When U.S. and Soviet negotiating teams meet on Nov. 30 in Geneva to resume arms reduction talks, they will be playing a complex and slippery numbers game. Though its origins are murky, the term “zero option” has been used by different people to describe various schemes for eliminating or reducing intermediate-and medium-range nuclear missiles in Europe. On the face of it, President Reagan’s version seems straightforward enough. The President has proposed to cancel the planned deployment of 108 Pershing II and 464 ground-launched cruise missiles. In turn, the Soviets must agree to dismantle some 350 aging SS-4 and SS-5 missiles, plus 250 or more new SS-20 missiles.
But there is more here than meets the eye. First, the Soviet missiles are already in place, while the ones proposed for NATO are still in the testing stage. Second, there is a considerable disparity in the range and potency of the weapons involved. The new U.S. missiles carry only one warhead, as do the SS-4s and SS-5s. But the SS-20s are equipped to carry three warheads. Thus Reagan’s proposal really calls for a trade-off of 572 American nuclear warheads for more than 1,000 Soviet ones. In his speech, Reagan claimed that the Soviets had a 6-to-1 nuclear advantage over the U.S. In doing so, he failed to include U.S. forward-based nuclear-equipped aircraft and submarines, or NATO weapons. According to the independent London-based International Institute for Strategic Studies, the Soviet advantage over NATO forces is closer to 3 to 1.
The Soviet concept of a zero option is different. President Leonid Brezhnev has said that if NATO dropped its deployment plans, the U.S.S.R. would “reduce the total” of its missiles; but by how much, he did not say. NATO would not have a single ground-based missile capable of reaching the U.S.S.R. Yet there would be numbers of Soviet missiles within striking distance of Western Europe, just as there are today.
The Soviets marshal their own numbers to show that a rough parity in theater nuclear weapons already exists between NATO and the U.S.S.R. How so? Because Moscow counts “delivery systems” differently. Soviet estimates for NATO include the American submarines and aircraft based in Europe that are capable of carrying nuclear weapons. The Soviets also count British and French bombers and missiles, even though the French are not part of the NATO military structure. According to the Soviet count there are 986 NATO delivery systems. Their own total, they say, is 975. But this does not include all Soviet fighter-bombers and submarines that could deliver nuclear warheads.

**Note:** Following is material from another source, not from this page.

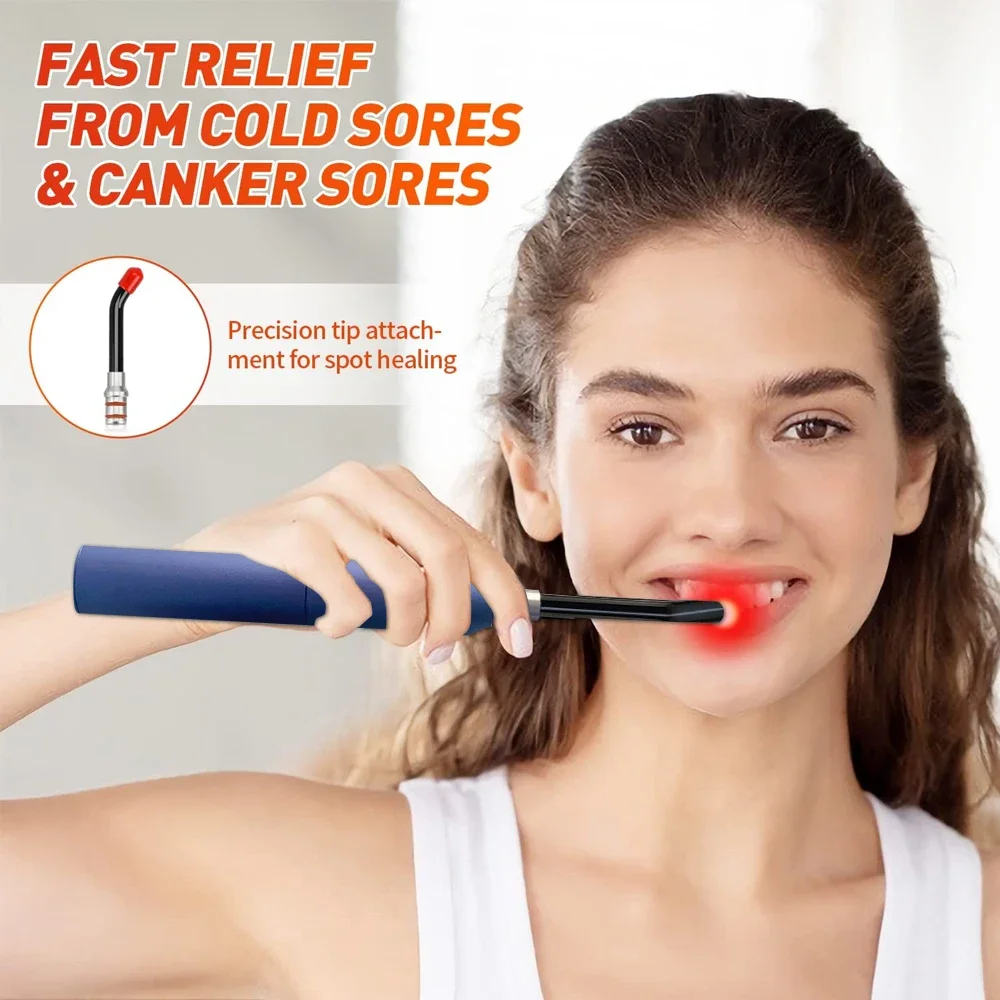 

Infrared&Red Light Therapy Lamp Cold Sore Treatment Device for Canker Sore Lips Nose Ear Hands Joint Knee Feet Body Pain Relief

There is no doubt why the Soviets are so alarmed by the prospect of new U.S. missiles in Europe. A Pershing II based in West Germany could drop a 20-kiloton warhead within 80 ft. of a target in the Soviet Union some 1,000 miles away just eight minutes after firing. The ground-launched cruise missile, or GLCM, is even more accurate, and able to avoid radar by hugging the terrain, following maps in its internal guidance system.
The Soviet missiles are more of a mixed bag. The clumsy, inaccurate SS-4, first deployed in 1959, has a range of 1,200 miles and a single, one-megaton warhead. The obsolescent SS-5 can throw its megaton warhead some 2,500 miles. But the SS-20, with its 3,000-mile range, is a formidable weapon. Each of its three, separately targetable 150-kiloton warheads is accurate within 100 yds.
The wildly divergent numbers reflect the sharply different interests of the two superpowers. The U.S. wants to redress the imbalance presented by the existing Soviet nuclear arsenal. Moscow fears that the Pershing Us and cruise missiles will give the U.S. a first-strike capability from Europe. The differences are so deep that the game to be played out in Geneva could end before the first hand is dealt.